Business goals drive data analysis
Investment in data technologies must support business strategy. In the longer term, we’ll see businesses really focusing on connecting different data streams and figuring out what bits of data they need for better portfolio planning, supply management and capital projects.
That’s easier said than done, which is why JLL Global Benchmarking Services (GBS) help clients to contextualise building data at-a-glance, allowing for internal and external market comparisons. Currently we are looking at three data streams: cost efficiency (rents and operation costs), consumption of energy water and waste, and human experience data segmented by location, job family and other demographic characteristics. As we develop and experiment with hybrid office concepts, other sources of data are being incorporated into the mix - including sensor data that captures real-time use.

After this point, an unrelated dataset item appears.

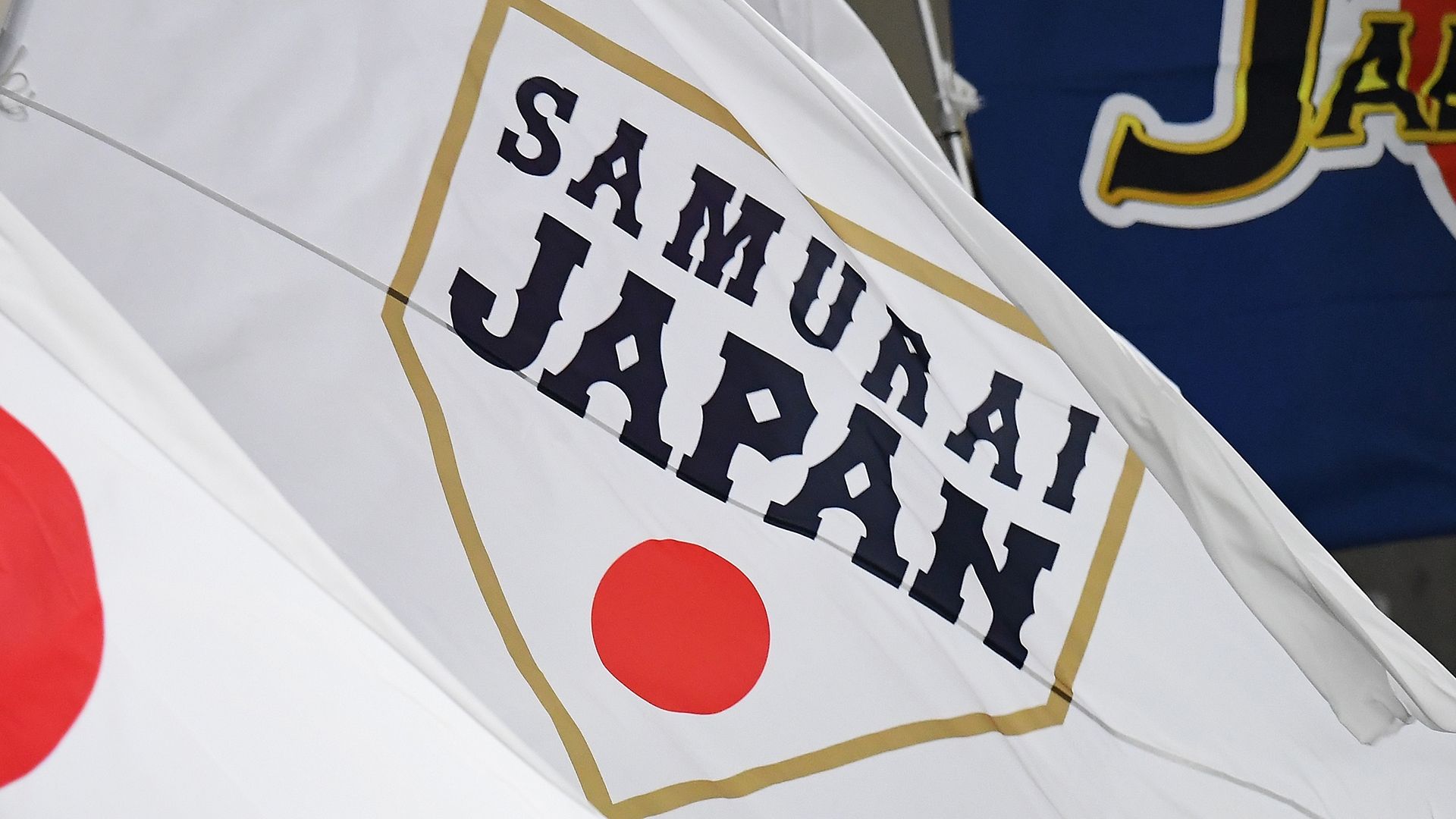 20230828_Japan_Baseball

Having this integrated data enables better decisions with a longer horizon because you can forecast the impact of actions taken today. We are living through a time when portfolios and benchmarks are changing. Post pandemic changes in the benchmarks are still just marginal, but as more new purpose designed hybrid offices become reality, the cost, sustainability and utilisation benchmarks will also change. We expect a big shift in values within the next two years. That is why market comparisons are as important as ever. We are working on establishing the change in operating parameters of hybrid versus traditional offices globally to allow our clients to build more robust business models based on verified benchmarks.
Ultimately, it’s about how business decision makers, through improved understanding of data, can use real estate to better support the business, its people, and sustainability goals. In these times of high uncertainty, the right metrics can help remove the guesswork, informing wiser decisions based on data - not instincts - and enable business productivity and growth.